[ddahlen]

It's a bit of both, observing has uncertainty in a lot of places, if you are on the ground you get atmospheric effects, imprecision of timing, imprecision of optics, etc etc. You are also observing an object where you dont know how far away it is. That distance has to be solved by basically doing a sort of triangulation, which requires either the observer or the object to move enough. So if you observe over a short time (hours for example), you can see it is moving, but it is hard to tell distance.

Once you have an estimated orbit, if it has any interactions with planets (IE: flyby of Earth), small differences in positions during the close encounter make LARGE differences decades later. Add to this the effects of photons from the sun pushing on the smaller asteroids or dust, or out-gassing /dust from comets cause these objects to slightly drift from just the basic gravitational forces. Generally inner solar system asteroids (inside mars) are very chaotic over hundreds of years, though typically predictable less than a century.

Note that I am not an expert on impact calculations, I just know a bit about and and can do back of the envelope ones. There are a number of ways to get to the ~1%, the orbit fits have uncertainties on them and those can be propagated forward in time. However there are all sorts of complexities with doing that, and often the easiest method is to sample the uncertainty region a few hundred thousand times (Monte-carlo), and propagate those and see what hits.

[coderenegade]

Very cool. How are samples drawn from the uncertainty region? MCMC or does it simplify down? I'm guessing that this would drive the final percentage values that you guys determine, since the orbital dynamics would be deterministic.

[ddahlen]

I can tell you how I do it, but again I am not an impact study person. It helps to understand a bit of the background of how we fit orbits in general:

1) someone with a telescope sees something moving (typically these days these are bigger surveys)

2) These observations are submitted to the Minor Plant Center (MPC), the clearinghouse of all asteroid/comet observations.

3) Several groups pull observations from the MPC to fit orbits, including JPL Horizons (MPC also fits orbits)

4) You now have a pile of observations which you have to figure out which observation links to other observations, which is a complex math problem on its own. Solve that.

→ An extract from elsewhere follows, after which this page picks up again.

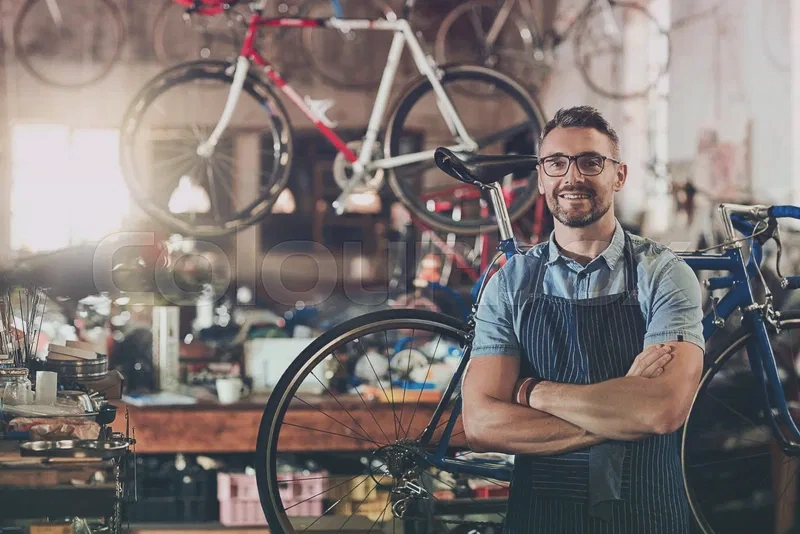 Modern bike shop interior showcasing various bicycle types and cycling gear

5) JPL Horizons for example then fits the orbits to the observations, and since the observations may be 100 years of data of wildly varying quality, from hand written notes in the 1920s through to modern data, this is very difficult. They publish a covariance matrix with the associated fit (IE: basically a gaussian error fit for the parameters).

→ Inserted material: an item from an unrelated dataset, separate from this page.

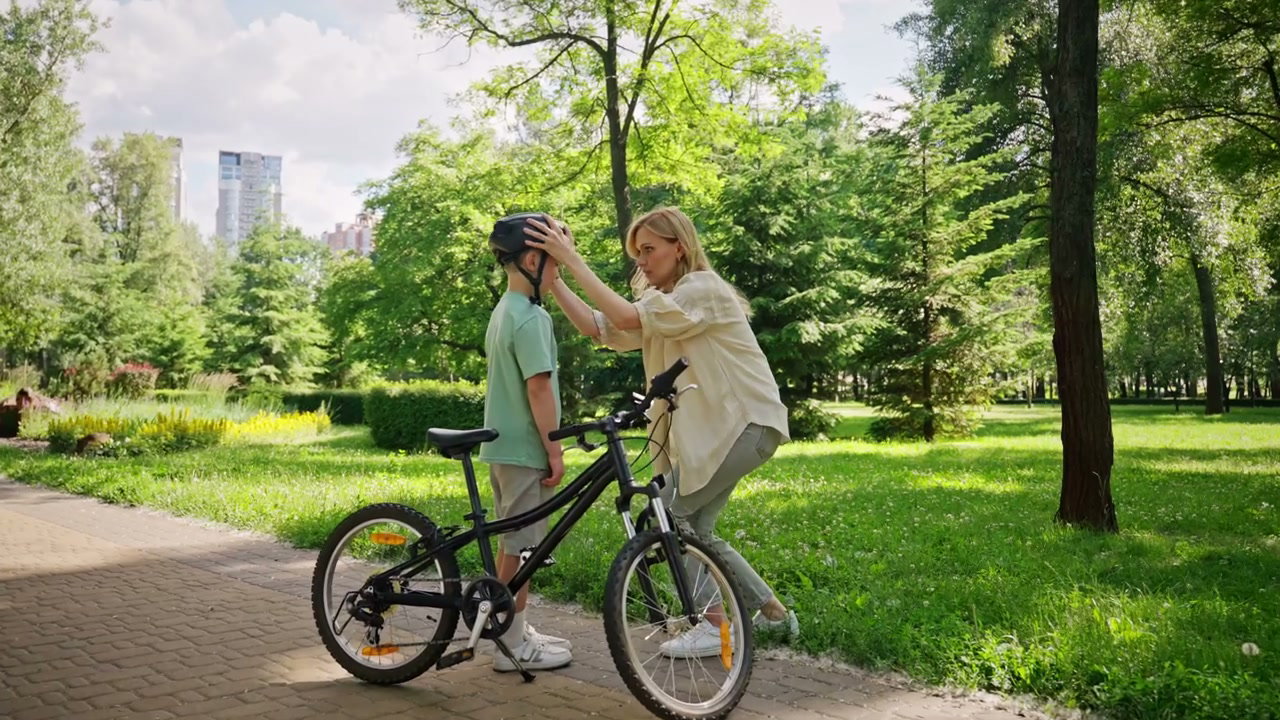 Mother Helping Son With Bike Helmet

6) I grab that covariance matrix and sample from it using some pretty vanilla statistics to build orbits.

7) Propagate and see what happens.

Here is an example of an observation from 1950: https://caltech-ipac.github.io/kete/tutorials/palomar.html The image was developed on a glass plate, this one was never even sent in to the MPC, the guy taking the observation just wrote down "Asteroid" on the cover slip for the image. It was not formally discovered until the 1980s. We now know its orbit very well, so this particular observation is not that interesting other than as a curiosity.

Here is an example of an orbit fit by JPL Horizons: https://ssd.jpl.nasa.gov/tools/sbdb_lookup.html#/?sstr=c%2F2...

Note the "condition code" on the right, which is a score of how good their orbit fit matches the data, 0 means we know the orbit with high precision. This one is an 8, meaning we have a fit, but its not that great. Most likely because we only have 31 days of observations.